Immune responses following SARS-CoV-2 challenge. Rhesus macaques were vaccinated and challenged as described in Figure 2 . SARS-CoV-2 neutralizing antibodies (A) were measured at the time of challenge (week 20) and 2 weeks post-challenge (week 22) by PRNT, and RBD-specific IFN-γ T-cell responses (B) were measured 2 weeks post-challenge by ELISpot. (A) Symbols represent individual PRNT50 titers; horizontal bars depict the GMT of the group. For comparison, PRNT50 titers and GMT of 10 human plasma samples positive for SARS-CoV-2 antibodies (human convalescents) are shown. (B) Symbols represent individual spot-forming units (SFU) per one million PBMCs; horizontal bars depict mean SFU per one million PBMCs.
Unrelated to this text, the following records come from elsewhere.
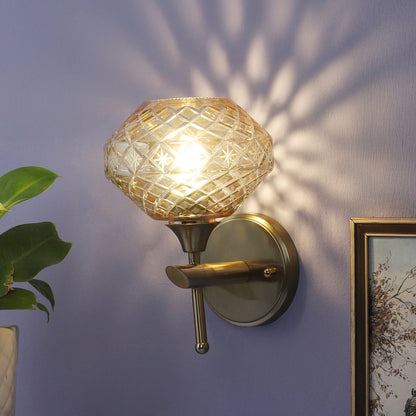 VEDAS Imperial Glass Diamond Pattern Wall Lamp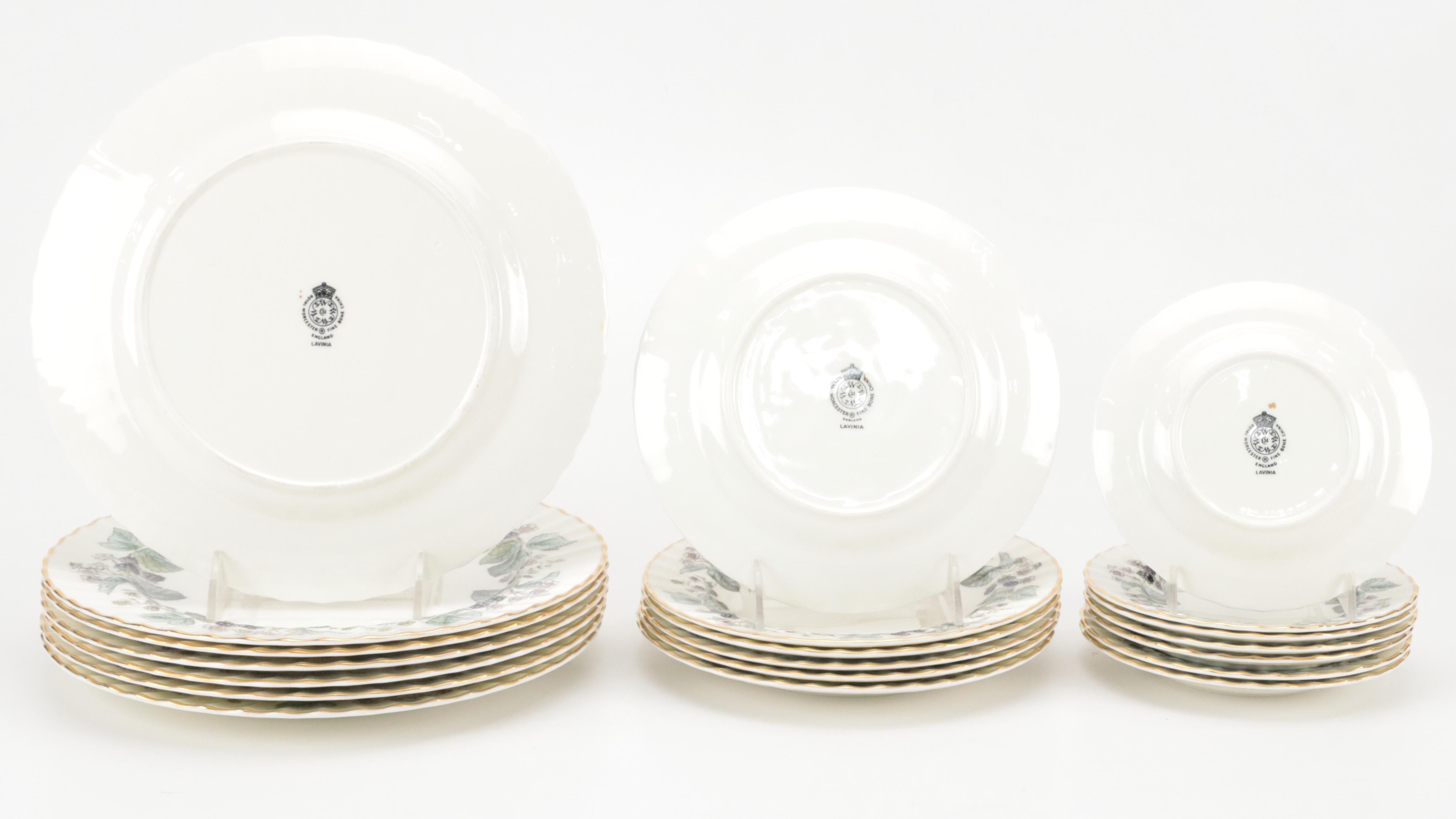 Royal Worcester "Lavinia" Bone China Dinnerware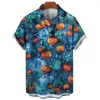 Camicie casual da uomo Stampa di Halloween Summer Beach Party Oversize Manica corta Moda Camicette monopetto Tendenza Abbigliamento uomo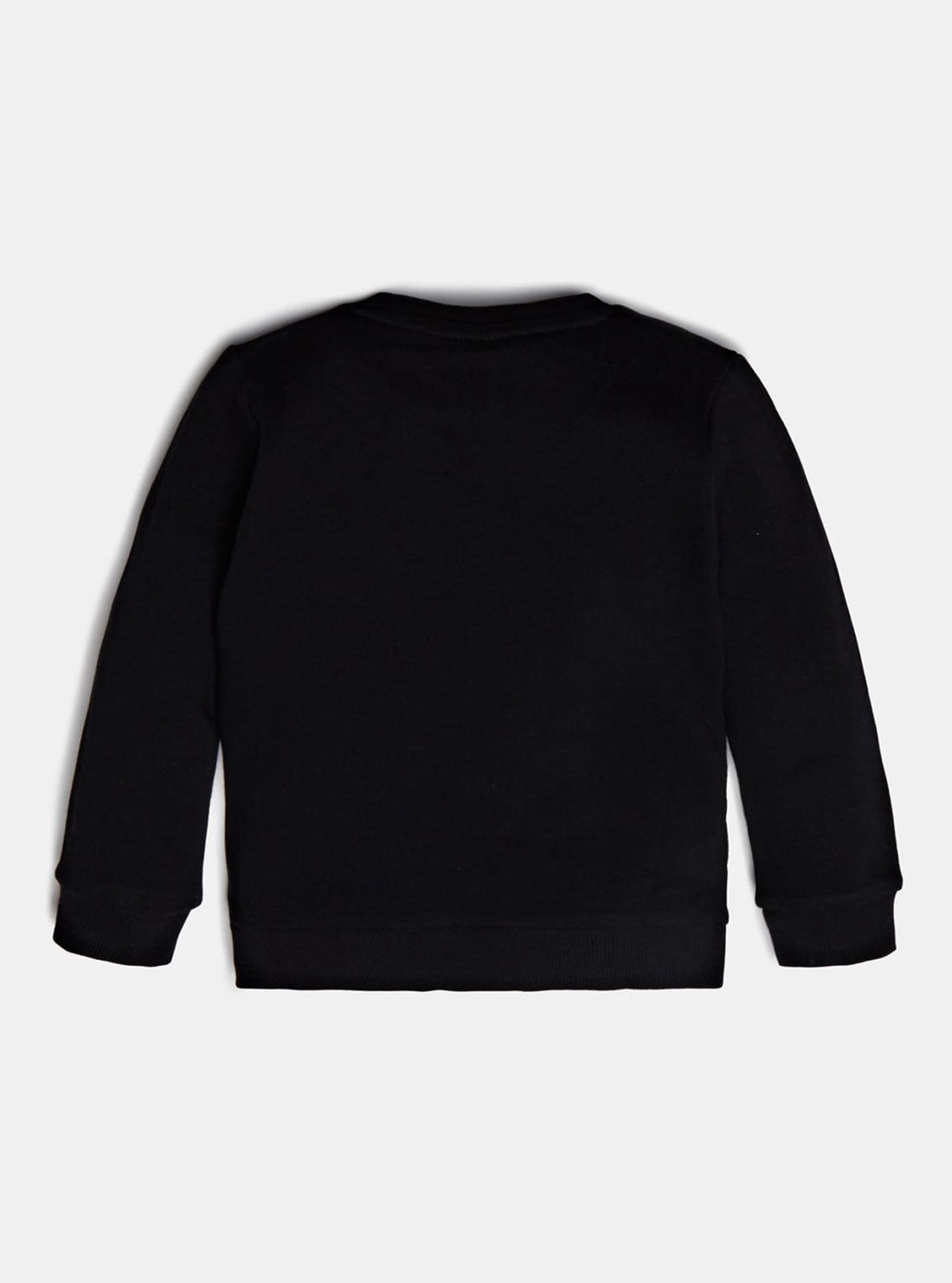 GUESS Big Boys Black Long Sleeve Fleece Pullover Top (7-16) N73Q10K5WK0 Back View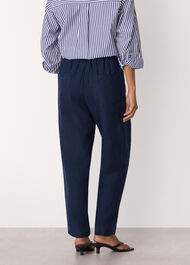 Petite Linen Barrel Trouser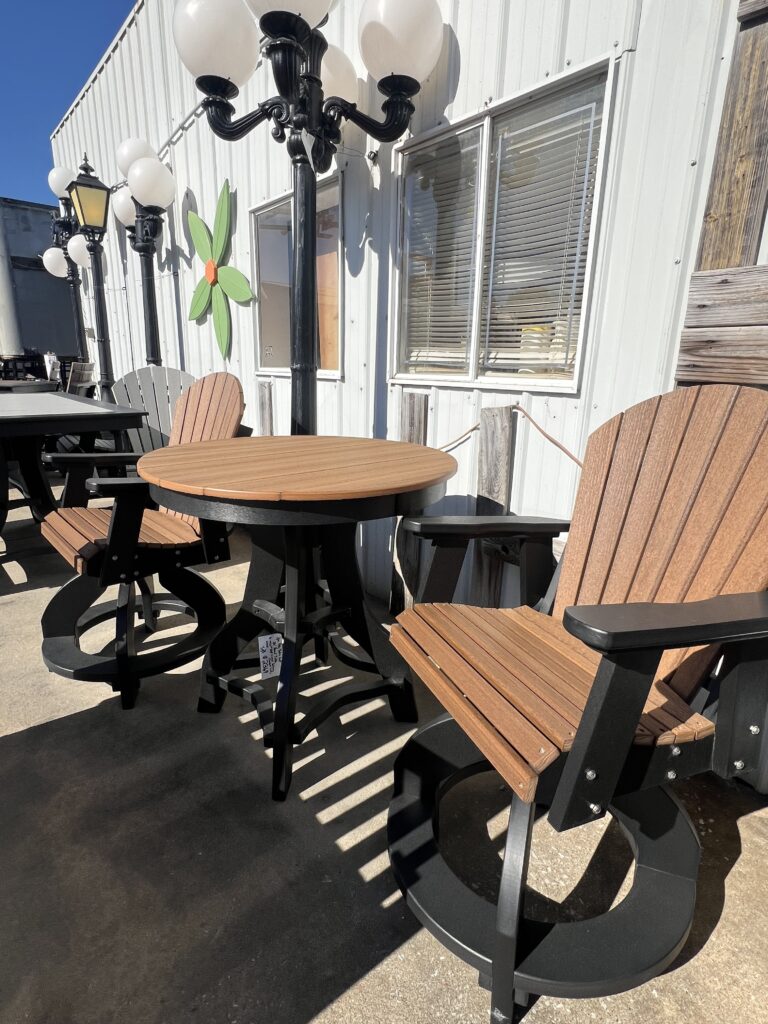 3pc. Poly Patio Set 36" Round Table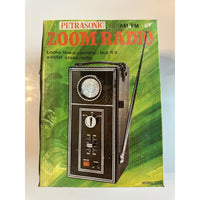 VINTAGE *NEW* 1960's Petrasonic Zoom Radio AM/FM Camera-like Brown Radio
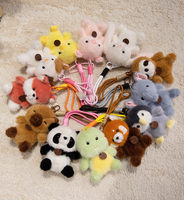 Porte-clés Lapin en Peluche Super Doux en Coton PP Parfumé, Mignon Style Anime, Cadeau d'Anniversaire, Breloque de Sac, Poupée en Peluche
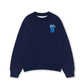 Áo Sweater Nỉ Hai Da Fuzzy Font Dragon Blue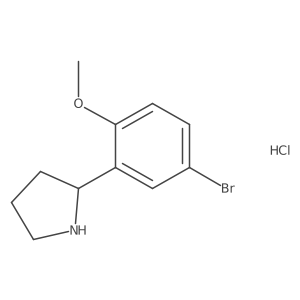 2-(5-Bromo-2-methoxyphenyl)pyrrolidine hydrochloride Structure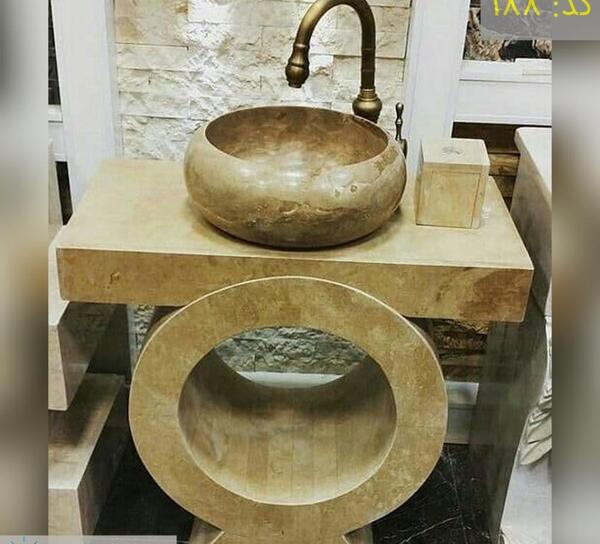 عکس روشویی سینا کاشی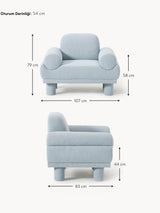 Polo Tekli Koltuk Açık Mavi Bukle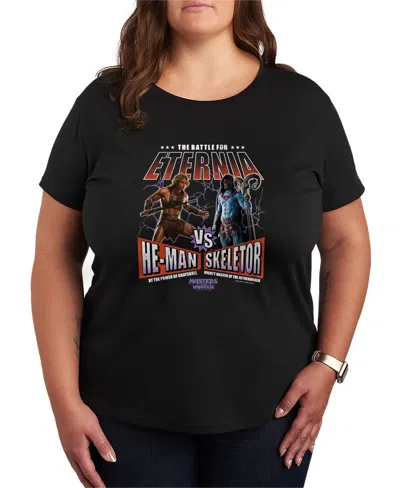 Hybrid Apparel Plus Size Masters Of The Universe He Man Vs Skeletor Short-sleeve Graphic T-shirt In Black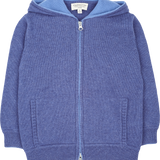 Boy - Manu 100% Cashmere Cardigan Hoodie with Elbow Patches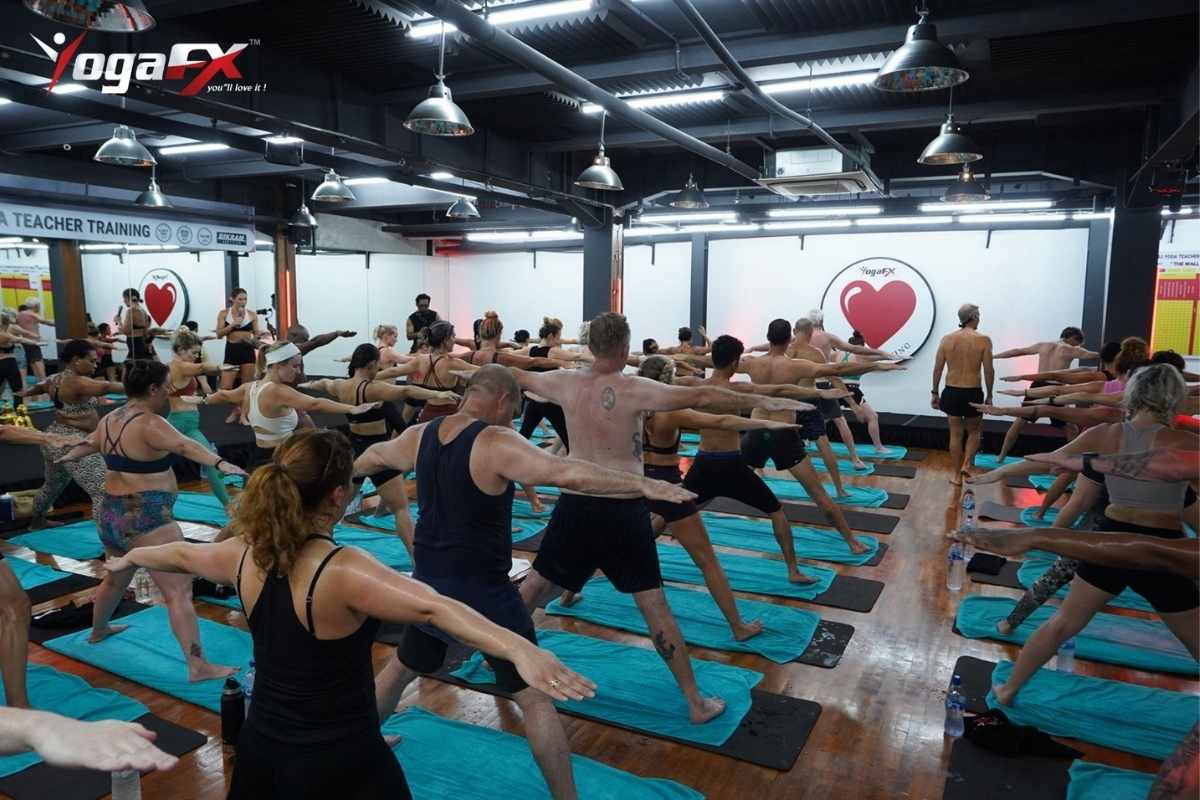 Shorts for Bikram yoga posture requirements showing Eagle Pose inner thigh freedom Balancing Stick waistband test and floor series mat contact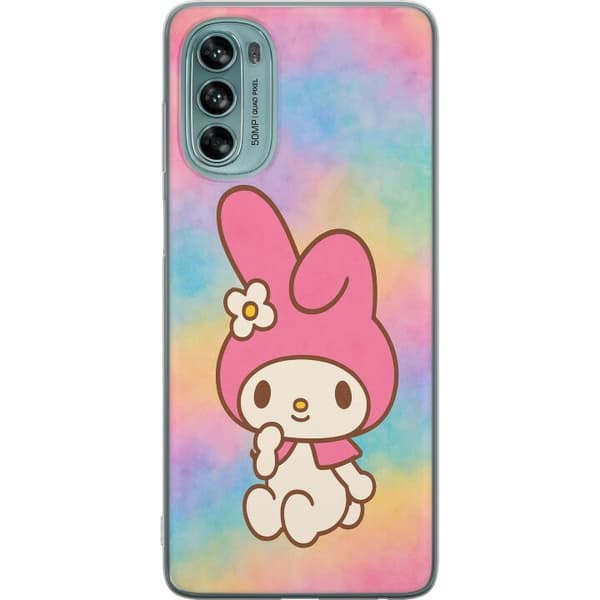 Motorola Moto G62 5G Läpinäkyvä kuori Kawaii Sanrio My Melody
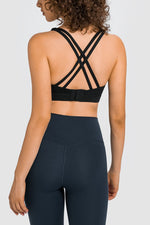 Crisscross Square Neck Sports Bra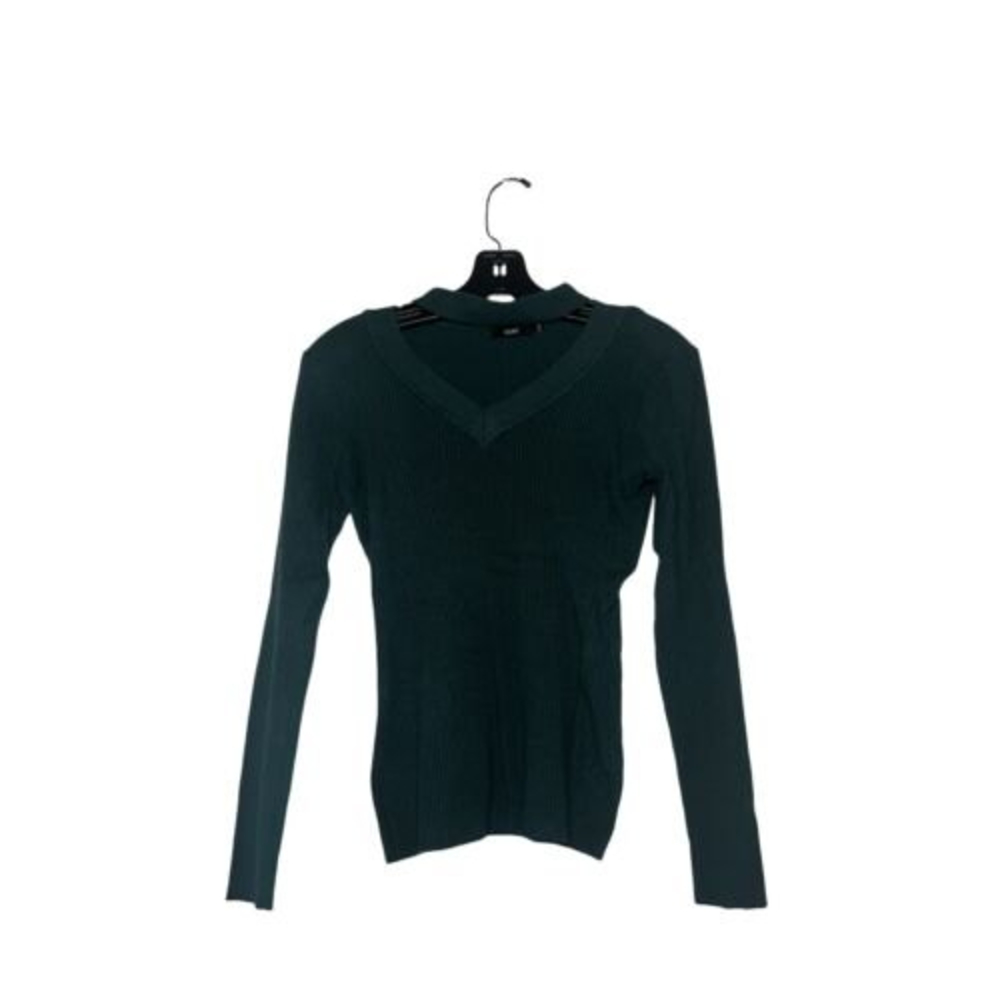 Zuiki Green Long Sleeve Cutaway Neckline.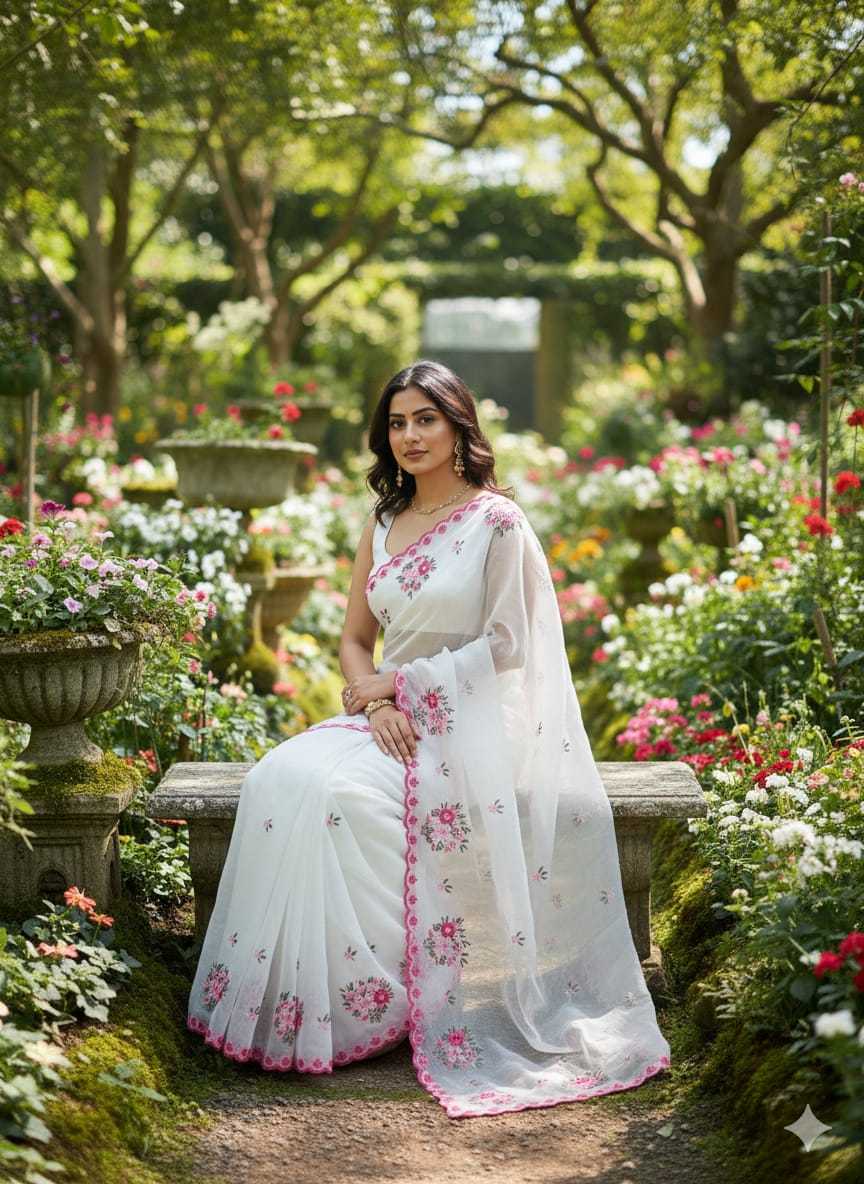 YNF Wholesale Premium Georgette Designer Sarees KESH682 Krisha | Surat Manufacturer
Different symbol shapes represent individual animals, and the same symbol shapes are used for the same animals throughout all post-challenge data.

Figure 5

Neutralization of SARS-CoV-2 variants of concern. (A) NHP were vaccinated as described in Figure 1 . Two weeks following the second administration, vaccine-induced antibodies were tested for their capacity to neutralize Wuhan-like SARS-CoV-2 (FR-4286) as well as the alpha (B.1.1.7), beta (B.1.351), and delta variants (B1.617.2) by PRNT. Filled circles represent PRNT50 titers of individual NHP, and columns depict the GMT of the group +/geometric standard deviation. Kruskal–Wallis test showed no statistically significant differences between the neutralization of Wuhan-like FR-4286 and the variants. (B) Ten human plasma samples positive for SARS-CoV-2 antibodies (human convalescents) were analyzed for comparison.